Saturday, August 25, 2018

Victoria and Albert’s Chef’s Table Dinner: Walt Disney World May 2018

During our most recent Walt Disney World vacation we were able to enjoy dinner at Victoria & Albert’s Chef’s Table in the Grand Floridian Resort.  The last time we enjoyed this experience was in 2011 with just the two of us dining.   This year we invited long-time friends to join us.    There’s only one seating per night in the kitchen and to get that reservation you need to call six months in advance. For us, that meant remembering to make the phone call during our Bahamas vacation.

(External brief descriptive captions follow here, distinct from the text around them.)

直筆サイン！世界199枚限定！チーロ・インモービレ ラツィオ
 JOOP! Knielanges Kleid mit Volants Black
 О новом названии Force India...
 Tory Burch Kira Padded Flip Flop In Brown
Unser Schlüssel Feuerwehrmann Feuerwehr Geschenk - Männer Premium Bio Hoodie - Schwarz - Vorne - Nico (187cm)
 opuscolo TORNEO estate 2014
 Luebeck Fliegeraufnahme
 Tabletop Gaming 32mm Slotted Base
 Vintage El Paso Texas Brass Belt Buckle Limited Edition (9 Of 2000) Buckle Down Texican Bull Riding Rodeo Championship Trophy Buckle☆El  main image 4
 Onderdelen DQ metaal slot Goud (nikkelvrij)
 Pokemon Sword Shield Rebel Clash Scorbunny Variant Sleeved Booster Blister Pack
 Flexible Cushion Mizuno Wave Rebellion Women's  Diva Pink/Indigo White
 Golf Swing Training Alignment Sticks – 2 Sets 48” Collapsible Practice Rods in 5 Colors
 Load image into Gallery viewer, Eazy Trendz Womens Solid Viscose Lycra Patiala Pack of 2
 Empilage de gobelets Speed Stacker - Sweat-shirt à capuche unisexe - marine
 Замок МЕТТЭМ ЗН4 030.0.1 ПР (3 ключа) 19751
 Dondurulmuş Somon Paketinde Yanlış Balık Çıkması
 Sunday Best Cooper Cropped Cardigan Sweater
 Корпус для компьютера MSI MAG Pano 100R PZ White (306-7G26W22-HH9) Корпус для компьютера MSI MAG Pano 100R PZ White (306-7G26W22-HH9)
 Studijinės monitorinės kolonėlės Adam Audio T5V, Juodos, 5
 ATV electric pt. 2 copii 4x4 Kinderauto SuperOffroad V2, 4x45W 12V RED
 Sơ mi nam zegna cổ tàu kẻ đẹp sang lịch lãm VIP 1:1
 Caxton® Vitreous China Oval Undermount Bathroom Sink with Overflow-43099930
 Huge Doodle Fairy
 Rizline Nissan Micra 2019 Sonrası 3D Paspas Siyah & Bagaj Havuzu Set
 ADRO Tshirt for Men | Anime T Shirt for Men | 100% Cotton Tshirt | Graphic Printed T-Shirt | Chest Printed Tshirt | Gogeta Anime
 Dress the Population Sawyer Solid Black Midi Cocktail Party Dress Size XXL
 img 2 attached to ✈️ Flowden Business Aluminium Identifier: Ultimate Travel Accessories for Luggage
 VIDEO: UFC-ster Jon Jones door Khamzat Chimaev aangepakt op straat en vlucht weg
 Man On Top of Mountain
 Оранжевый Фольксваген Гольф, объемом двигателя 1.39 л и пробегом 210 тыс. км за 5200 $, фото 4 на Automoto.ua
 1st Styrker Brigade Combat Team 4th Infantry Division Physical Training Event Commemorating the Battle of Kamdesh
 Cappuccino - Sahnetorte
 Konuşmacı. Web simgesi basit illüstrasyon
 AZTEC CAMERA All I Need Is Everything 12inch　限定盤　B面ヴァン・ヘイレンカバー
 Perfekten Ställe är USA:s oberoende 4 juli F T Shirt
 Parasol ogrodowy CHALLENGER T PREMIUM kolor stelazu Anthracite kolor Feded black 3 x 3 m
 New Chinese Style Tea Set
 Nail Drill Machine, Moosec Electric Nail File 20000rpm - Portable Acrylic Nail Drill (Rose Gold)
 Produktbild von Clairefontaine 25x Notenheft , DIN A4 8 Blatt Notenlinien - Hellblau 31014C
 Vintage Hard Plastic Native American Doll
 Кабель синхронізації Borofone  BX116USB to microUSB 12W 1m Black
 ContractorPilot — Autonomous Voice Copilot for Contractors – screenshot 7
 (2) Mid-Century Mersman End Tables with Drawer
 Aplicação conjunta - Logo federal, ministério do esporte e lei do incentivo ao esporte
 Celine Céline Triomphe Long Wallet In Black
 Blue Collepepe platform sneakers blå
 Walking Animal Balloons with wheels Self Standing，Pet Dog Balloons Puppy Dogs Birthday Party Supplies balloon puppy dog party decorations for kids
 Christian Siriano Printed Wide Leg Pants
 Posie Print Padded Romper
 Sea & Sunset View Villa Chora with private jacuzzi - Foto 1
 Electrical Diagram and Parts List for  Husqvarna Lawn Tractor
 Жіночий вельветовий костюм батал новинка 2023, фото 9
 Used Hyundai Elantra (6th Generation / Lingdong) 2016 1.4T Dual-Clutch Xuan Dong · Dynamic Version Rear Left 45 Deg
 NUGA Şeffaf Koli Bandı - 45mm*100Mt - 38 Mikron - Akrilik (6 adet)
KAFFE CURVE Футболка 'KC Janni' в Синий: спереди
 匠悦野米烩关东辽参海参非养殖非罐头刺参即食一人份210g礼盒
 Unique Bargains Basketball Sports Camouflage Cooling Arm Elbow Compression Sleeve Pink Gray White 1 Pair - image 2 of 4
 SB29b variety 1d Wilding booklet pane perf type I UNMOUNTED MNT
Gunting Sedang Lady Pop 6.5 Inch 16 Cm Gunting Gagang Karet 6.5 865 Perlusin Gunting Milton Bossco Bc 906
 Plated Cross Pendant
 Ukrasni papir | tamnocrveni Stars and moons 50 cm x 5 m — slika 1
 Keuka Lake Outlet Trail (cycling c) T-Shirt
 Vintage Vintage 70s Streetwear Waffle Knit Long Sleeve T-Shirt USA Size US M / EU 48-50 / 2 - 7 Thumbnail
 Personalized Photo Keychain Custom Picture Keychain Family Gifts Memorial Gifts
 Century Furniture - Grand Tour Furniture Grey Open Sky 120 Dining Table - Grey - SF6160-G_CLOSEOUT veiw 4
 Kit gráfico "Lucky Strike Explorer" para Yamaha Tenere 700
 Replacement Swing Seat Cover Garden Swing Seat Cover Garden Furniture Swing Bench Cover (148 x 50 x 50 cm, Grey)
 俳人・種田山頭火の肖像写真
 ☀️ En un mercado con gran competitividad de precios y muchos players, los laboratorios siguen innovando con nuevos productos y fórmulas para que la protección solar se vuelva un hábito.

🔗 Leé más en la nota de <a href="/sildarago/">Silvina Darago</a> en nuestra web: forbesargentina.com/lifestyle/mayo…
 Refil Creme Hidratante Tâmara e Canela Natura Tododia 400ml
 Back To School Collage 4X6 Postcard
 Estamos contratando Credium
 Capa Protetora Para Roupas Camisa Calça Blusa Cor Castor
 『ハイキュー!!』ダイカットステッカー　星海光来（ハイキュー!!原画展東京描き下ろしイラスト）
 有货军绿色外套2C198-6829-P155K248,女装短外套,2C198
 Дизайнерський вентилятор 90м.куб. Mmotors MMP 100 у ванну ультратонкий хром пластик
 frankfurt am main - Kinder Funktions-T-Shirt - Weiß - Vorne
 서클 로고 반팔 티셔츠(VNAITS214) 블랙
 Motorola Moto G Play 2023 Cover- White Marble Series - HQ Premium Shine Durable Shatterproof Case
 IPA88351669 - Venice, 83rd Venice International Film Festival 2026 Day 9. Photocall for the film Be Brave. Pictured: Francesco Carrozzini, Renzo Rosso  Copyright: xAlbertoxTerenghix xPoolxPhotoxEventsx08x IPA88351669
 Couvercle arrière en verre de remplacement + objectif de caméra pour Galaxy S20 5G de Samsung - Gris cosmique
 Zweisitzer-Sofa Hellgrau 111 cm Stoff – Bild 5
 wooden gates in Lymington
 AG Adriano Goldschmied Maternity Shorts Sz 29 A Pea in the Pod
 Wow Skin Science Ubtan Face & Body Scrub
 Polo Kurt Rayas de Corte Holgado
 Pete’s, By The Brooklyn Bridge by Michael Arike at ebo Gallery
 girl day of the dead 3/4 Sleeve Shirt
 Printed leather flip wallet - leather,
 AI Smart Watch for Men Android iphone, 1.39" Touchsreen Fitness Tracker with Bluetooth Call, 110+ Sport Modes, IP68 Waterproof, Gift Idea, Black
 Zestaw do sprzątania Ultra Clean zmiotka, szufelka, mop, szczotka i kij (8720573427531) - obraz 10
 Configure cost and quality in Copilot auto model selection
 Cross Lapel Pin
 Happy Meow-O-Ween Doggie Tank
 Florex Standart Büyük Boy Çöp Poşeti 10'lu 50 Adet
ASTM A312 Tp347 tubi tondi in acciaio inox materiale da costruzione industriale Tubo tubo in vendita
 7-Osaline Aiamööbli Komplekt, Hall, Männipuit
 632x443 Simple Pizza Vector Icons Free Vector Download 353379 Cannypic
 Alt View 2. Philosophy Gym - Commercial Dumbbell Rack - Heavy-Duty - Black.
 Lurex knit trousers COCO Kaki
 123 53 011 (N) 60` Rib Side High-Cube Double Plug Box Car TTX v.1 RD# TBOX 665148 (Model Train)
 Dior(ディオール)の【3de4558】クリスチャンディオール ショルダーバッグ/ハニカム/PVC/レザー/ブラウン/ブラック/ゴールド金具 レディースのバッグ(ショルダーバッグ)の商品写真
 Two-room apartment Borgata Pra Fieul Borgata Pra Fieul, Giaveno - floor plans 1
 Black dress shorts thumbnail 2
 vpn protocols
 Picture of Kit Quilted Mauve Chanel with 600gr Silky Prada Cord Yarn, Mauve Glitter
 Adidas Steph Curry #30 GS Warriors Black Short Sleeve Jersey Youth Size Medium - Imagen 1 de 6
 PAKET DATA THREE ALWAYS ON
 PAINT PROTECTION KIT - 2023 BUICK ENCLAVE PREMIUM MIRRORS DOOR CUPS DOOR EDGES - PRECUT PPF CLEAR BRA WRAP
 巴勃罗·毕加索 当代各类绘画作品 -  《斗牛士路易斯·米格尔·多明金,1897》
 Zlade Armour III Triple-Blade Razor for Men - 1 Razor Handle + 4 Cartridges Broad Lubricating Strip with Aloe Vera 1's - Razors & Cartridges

We were staying at Bay Lake Towers for this portion of the trip which made it convenient to navigate transportation in dress-up clothes.   Meeting our friends in the Grand Concourse we took the Monorail over to the Grand Floridian, leaving time for a pre-cocktail at Mizner’s Lounge.  We were greeted outside of the restaurant and were told it would be just a minute as they prepared for us.  It wasn’t too long before we were escorted through the dining area into the kitchen.  The dining table is off to one end of the kitchen to give diners a length-wise view to the action.  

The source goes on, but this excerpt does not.